On every platform, “decoding itself happens fast on the GPU, but passing data to wgpu requires going through CPU memory.”

There is a way to directly import a WebCodecs VideoFrame using WebGPU’s importExternalTexture(), but that’s the browser’s WebGPU API—not something you can use from Rust’s wgpu crate.

Conclusion

For now, the CPU decode → write_texture() approach is sufficient in practice. 249 MB/s of bandwidth at 1080p30fps is no problem in a PCIe environment.

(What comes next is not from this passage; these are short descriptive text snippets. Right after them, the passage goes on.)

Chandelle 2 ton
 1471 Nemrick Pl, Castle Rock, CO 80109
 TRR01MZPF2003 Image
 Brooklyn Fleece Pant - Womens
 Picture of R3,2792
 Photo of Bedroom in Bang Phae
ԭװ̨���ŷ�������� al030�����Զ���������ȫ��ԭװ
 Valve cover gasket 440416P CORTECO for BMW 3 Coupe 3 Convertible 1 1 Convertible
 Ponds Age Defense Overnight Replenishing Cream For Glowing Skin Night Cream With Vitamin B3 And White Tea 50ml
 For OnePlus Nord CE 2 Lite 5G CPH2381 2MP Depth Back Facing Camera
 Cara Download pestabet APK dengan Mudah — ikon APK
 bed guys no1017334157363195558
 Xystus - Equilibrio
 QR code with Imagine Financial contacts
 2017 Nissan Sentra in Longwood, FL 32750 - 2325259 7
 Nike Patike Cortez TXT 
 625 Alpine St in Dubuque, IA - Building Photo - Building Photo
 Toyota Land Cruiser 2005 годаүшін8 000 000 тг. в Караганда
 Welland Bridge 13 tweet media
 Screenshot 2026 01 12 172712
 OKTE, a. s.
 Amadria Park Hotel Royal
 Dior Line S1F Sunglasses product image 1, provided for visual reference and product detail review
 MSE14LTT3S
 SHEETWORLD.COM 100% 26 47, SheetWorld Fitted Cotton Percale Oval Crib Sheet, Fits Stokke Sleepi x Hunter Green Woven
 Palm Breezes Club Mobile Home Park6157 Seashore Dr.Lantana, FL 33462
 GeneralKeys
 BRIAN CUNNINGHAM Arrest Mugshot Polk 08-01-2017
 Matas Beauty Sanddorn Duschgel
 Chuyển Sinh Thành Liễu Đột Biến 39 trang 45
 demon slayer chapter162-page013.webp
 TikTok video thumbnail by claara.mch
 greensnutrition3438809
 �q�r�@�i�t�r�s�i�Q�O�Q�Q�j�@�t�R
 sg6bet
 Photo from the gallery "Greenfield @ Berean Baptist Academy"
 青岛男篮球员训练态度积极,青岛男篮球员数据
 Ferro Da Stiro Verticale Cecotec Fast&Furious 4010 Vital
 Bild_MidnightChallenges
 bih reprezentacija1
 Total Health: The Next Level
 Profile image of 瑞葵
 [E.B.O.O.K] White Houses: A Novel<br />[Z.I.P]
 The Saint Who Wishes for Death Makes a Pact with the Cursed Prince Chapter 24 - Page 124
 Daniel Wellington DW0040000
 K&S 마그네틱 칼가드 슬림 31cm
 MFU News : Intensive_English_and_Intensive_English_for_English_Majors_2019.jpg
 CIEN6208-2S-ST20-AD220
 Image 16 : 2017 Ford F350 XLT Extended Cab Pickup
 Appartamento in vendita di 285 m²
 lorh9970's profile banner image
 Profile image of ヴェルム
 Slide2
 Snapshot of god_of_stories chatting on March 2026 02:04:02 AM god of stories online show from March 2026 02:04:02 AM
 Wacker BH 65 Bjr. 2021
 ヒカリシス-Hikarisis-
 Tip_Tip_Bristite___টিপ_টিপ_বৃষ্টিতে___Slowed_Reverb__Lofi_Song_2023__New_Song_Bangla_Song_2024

Achieving zero-copy requires using wgpu HAL’s create_texture_from_hal to import platform-specific textures, but:

The HAL API is unstable (may break with wgpu version upgrades)
Requires separate implementations for Metal / Vulkan / DX12
Hardware decoder integration code also differs per platform

Holding off is the right call until performance actually becomes a problem. Direct YUV upload and texture reuse can cut bandwidth by 60%, so exploring those first offers a much better cost-benefit ratio.